[DATA EXTRACT]

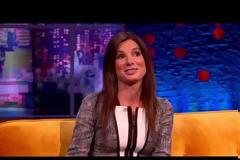 Όταν η Sandra Bullock προσπαθεί να ραπάρει [video]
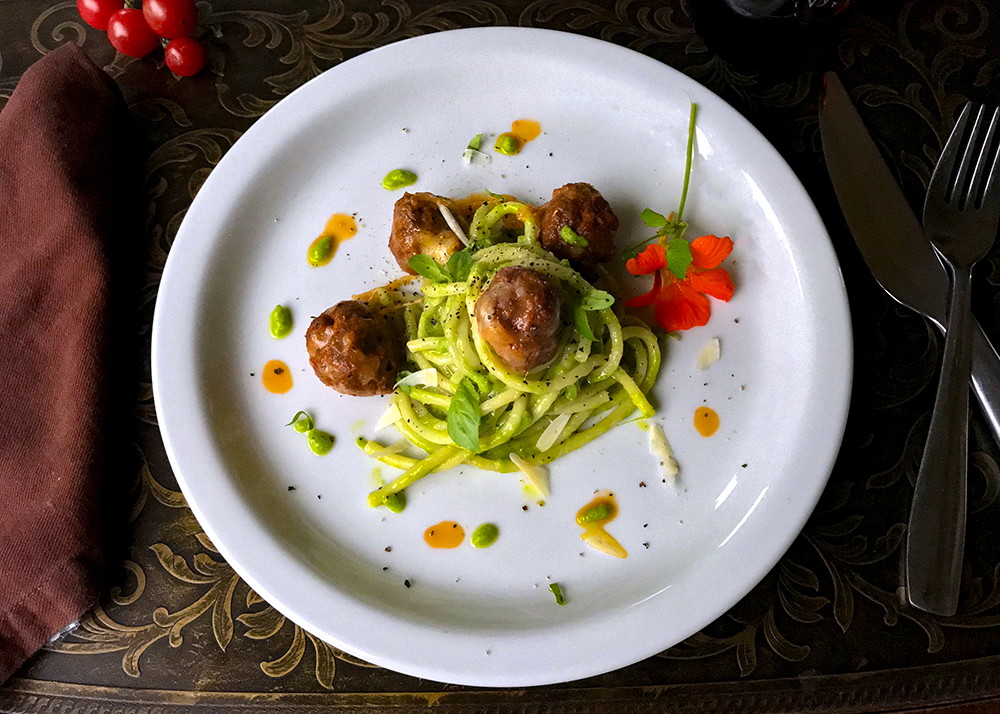 Pizza Meatballs with Pesto Pasta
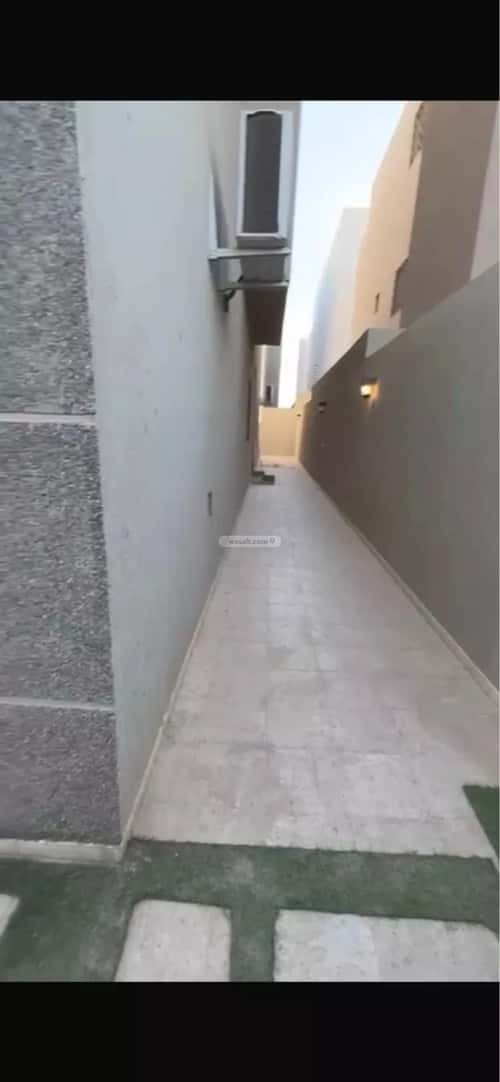 فيلا 5 غرف في العارض 4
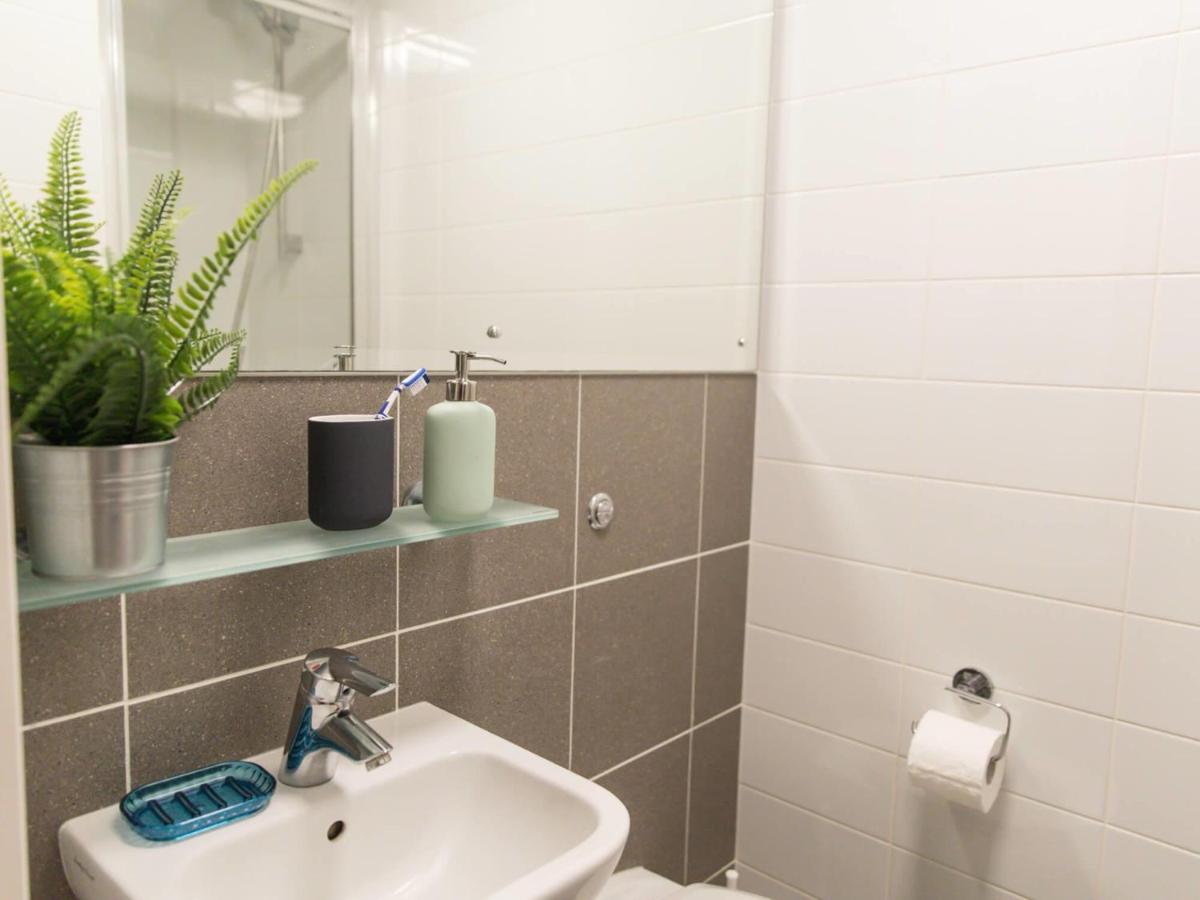 Raffles House Apartments - IQ Sterling Court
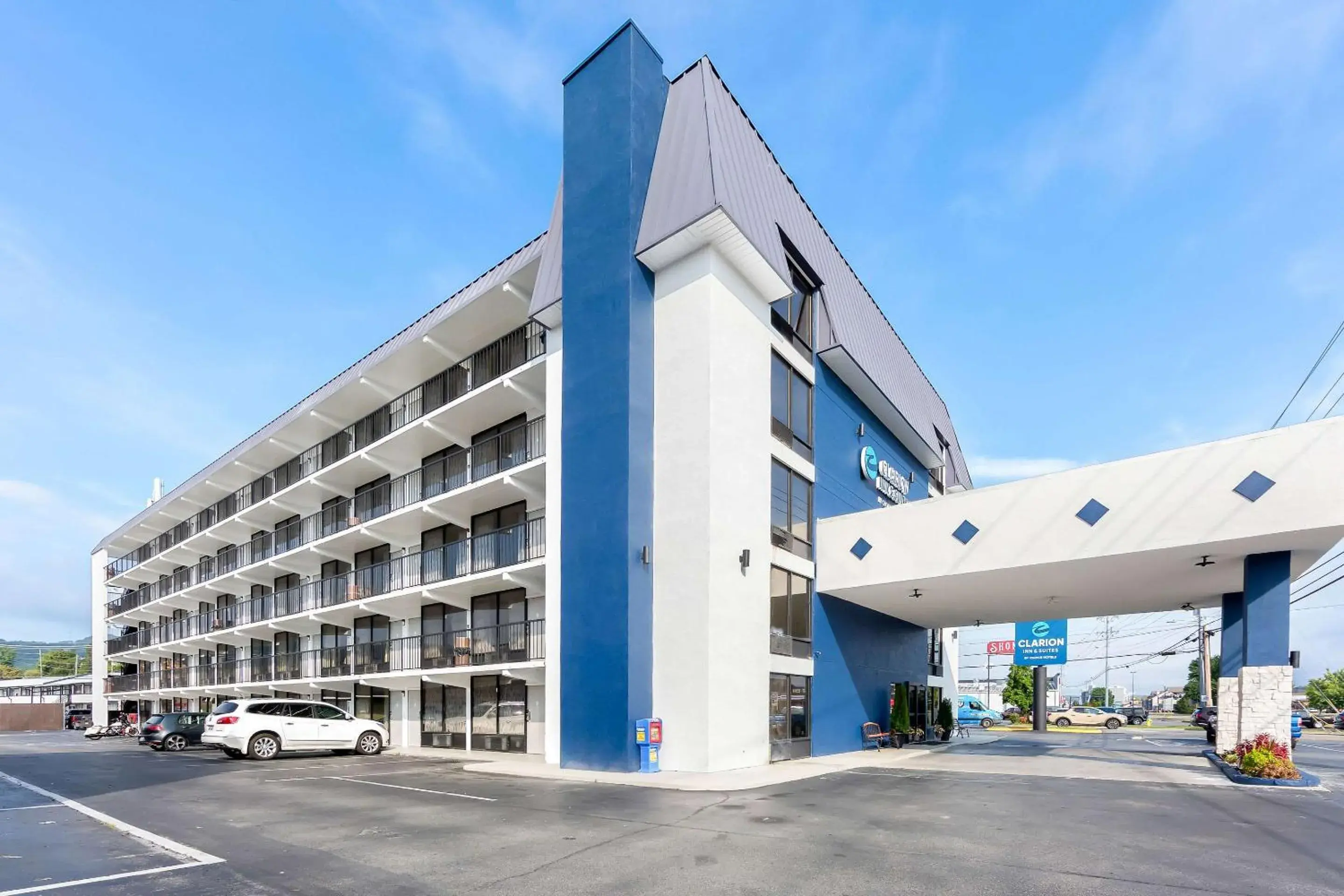 Property building in Clarion Inn & Suites near the Leconte Center Pigeon Forge Property building in Clarion Inn & Suites near the Leconte Center Pigeon Forge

[/DATA EXTRACT]

__EXERCISE INSTRUCTIONS__:
Give again exactly the lines from the one holding "فيلا 5 غرف في العارض 4" to the final line of the records, both ends included; any pictures stay out.

__RESULT OF THIS EXERCISE__:
 فيلا 5 غرف في العارض 4
 Raffles House Apartments - IQ Sterling Court
 Property building in Clarion Inn & Suites near the Leconte Center Pigeon Forge Property building in Clarion Inn & Suites near the Leconte Center Pigeon Forge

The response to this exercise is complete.